Tuesday, November 6, 2012

Indie Game: The Movie, and are video games art?

Before watching Indie Game: The Movie, I was never quite sure where I stood on the philosophical debate of “are video games art?” Roger Ebert caused an outrage in the gaming community a few years ago when he said that video games are not and cannot be art. There’s even a whole Wikipedia page devoted to the divisiveness of the issue (http://en.wikipedia.org/wiki/Video_games_as_art). Ebert, as the most famous critic, noted after a presentation by game designer Kellee Santiago, that “One obvious difference between art and games is that you can win a game. It has rules, points, objectives, and an outcome. Santiago might cite an immersive game without points or rules, but I would say then it ceases to be a game and becomes a representation of a story, a novel, a play, dance, a film. Those are things you cannot win; you can only experience them.” I think there is a certain understandable logic to Ebert’s thoughts. But I find myself now disagreeing with him fairly decidedly.


Indie game Fez, in which you play as a 2-D character realizing he lives in a 3D world
I think people like Ebert, generally of his “older” generation, view video games as that, just a game. There’s luck of the draw in card games, luck of the roll in board games, and only a finite number of possible logical moves in a more complex game like chess. But Ebert is right that a game “has rules, points, objectives, and an outcome.” Video games, on the other hand, have a certain ability to achieve a higher goal. There’s no artistic reason why a video game has to have objectives or the ability to beat the game. There’s only the commercial drawback of it being possible no one will want to buy your game if they can’t defeat the alien invasion with all kinds of cool weapons in your game. But at its base level, that’s no different than people not buying tickets to your movie where stuff doesn’t get blowed up real good. So really is the only reason they are even video games because they’re interactive? Does interactivity negate art? Of course not. There are plenty of interactive art exhibits that are not denigrated because of their interactivity.

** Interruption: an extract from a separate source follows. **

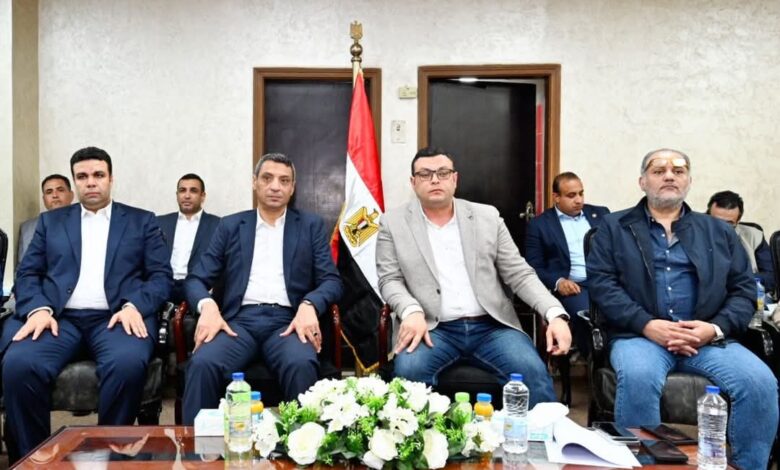 وزير الإسكان والمرافق والمجتمعات العمرانية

Indie game Limbo, an atmospheric, wordless journey through a dangerous black-and-white world
The game designers Indie Game: The Movie follows around talk about the artistic expression that the games provide them. They talk about how video games encompass visual arts, storytelling, and music, while simply being interactive. After all, the interactivity of video games is only allowed by the designer. A player can’t do anything in a game that they were not allowed to do by the constraints of the designer. Therefore, video games still possess the authorial intent that all art contains. We see the designers and programmers painstakingly work and re-work to get the desired effect in the game, while working against the clock to deliver the final product for release. All of that is directly comparable to the technical issues a filmmaker or a musician runs into when prepping their newest movie or album.

Screen shot from Super Meat Boy, one of the subjects of the movie
The designers in the movie talk with disdain about the people who work at the big video game studios as designers and programmers, because it would kill their creativity. But I came to see those jobs like those hundreds of names we see in movie credits, technicians helping realize the visions of the artists in charge. But these guys are like indie filmmakers, who work with smaller budgets and crews and are able to more easily deliver something close to their heart and artistic vision because it had to go through fewer people to get to us, the consumer. I can understand that mentality.


But the ultimate point of the movie and this discussion, to me, was: art video games art? I can now firmly say that yes, I think they are. And Indie Game: The Movie is what finally swayed me to that point.